Many galactic TeV sources appear to be associated with pulsars via their wind nebulae, comprised of relativistic wind particles confined by the pressure of the surrounding medium (Gaensler & Slane 2006). The initially highly supersonic wind terminates in a shock that can be associated with axisymmetric, toroidal structures often seen in the X-ray images of PWNe (e.g., Kargaltsev & Pavlov 2008). PWNe now represent the most populous class of Galactic TeV emitters (Hinton & Hofmann 2010). The non-thermal emission seen in PWNe from the radio up to gamma rays below a few GeV or less is generally interpreted as synchrotron radiation from the accelerated leptons. The emission observed at higher energies, up to several TeV, can be produced via inverse Compton (IC) scattering of these same high-energy electrons with background photons (e.g., the cosmic microwave background (CMB), infrared radiation from dust, starlight, and synchrotron photons; Atoyan & Aharonian 1996). Alternatively, hadronic mechanisms may also be responsible for the TeV emission, in which case the wind should be composed of relativistic hadrons that collide with the ambient medium and produce pions, with the TeV emission coming from π0 decay. To date, however, there has been no solid evidence requiring a large contribution to the gamma-ray emission from such hadronic processes.

PWNe experience several stages of evolution (e.g., Gaensler & Slane 2006). At an early stage, the pulsar wind freely expands into the SN ejecta. For a slowly moving pulsar, the PWN is approximately centered on the pulsar, while for a supersonically moving pulsar the PWN will take a cometary shape.
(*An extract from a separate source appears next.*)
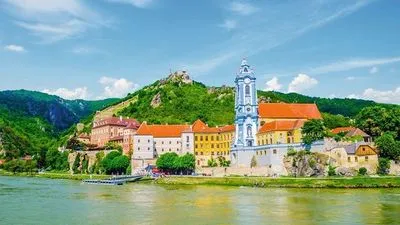 Croisière et randonnées au fil du Danube (formule port/port)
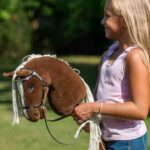 Hobby Horse Land Sunny Dream A3 – Steckenpferd mit Glitzer-Trense für Kinder ab 5 – Bild 5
At later times, the PWN is compressed by the reverse SNR shock and may be displaced significantly from the pulsar if the reverse shock is asymmetric. Such crushed and displaced PWNe have been dubbed relic PWNe.

The X-ray and gamma-ray observations of CTA 1 suggest that the extended non-thermal emission around the gamma-ray pulsar is a synchrotron PWN. Motivated by these observations, model calculations by Zhang et al. (2009) suggested that the TeV emission is largely produced by the PWN and that the level of emission should be detectable at TeV energies by VERITAS. For IC scattering off the PWN electrons, Zhang et al. (2009) predicted a gamma-ray flux Fγ(1–30 TeV) ∼ 1.1 × 10−12 erg cm−2 s−1. Previous TeV observations of CTA 1 by the earlier imaging atmospheric Cherenkov telescopes gave upper limits, as follows: 2.64 × 10−11 photons cm−2 s−1 (E > 250 GeV) by CAT (Khelifi et al. 2001), 1.25 × 10−11 photons cm−2 s−1 (E > 620 GeV) by Whipple (Hall et al. 2001), and 1.09 × 10−12 photons cm−2 s−1 (E > 1.3 TeV) by HEGRA (Rowell et al. 2003).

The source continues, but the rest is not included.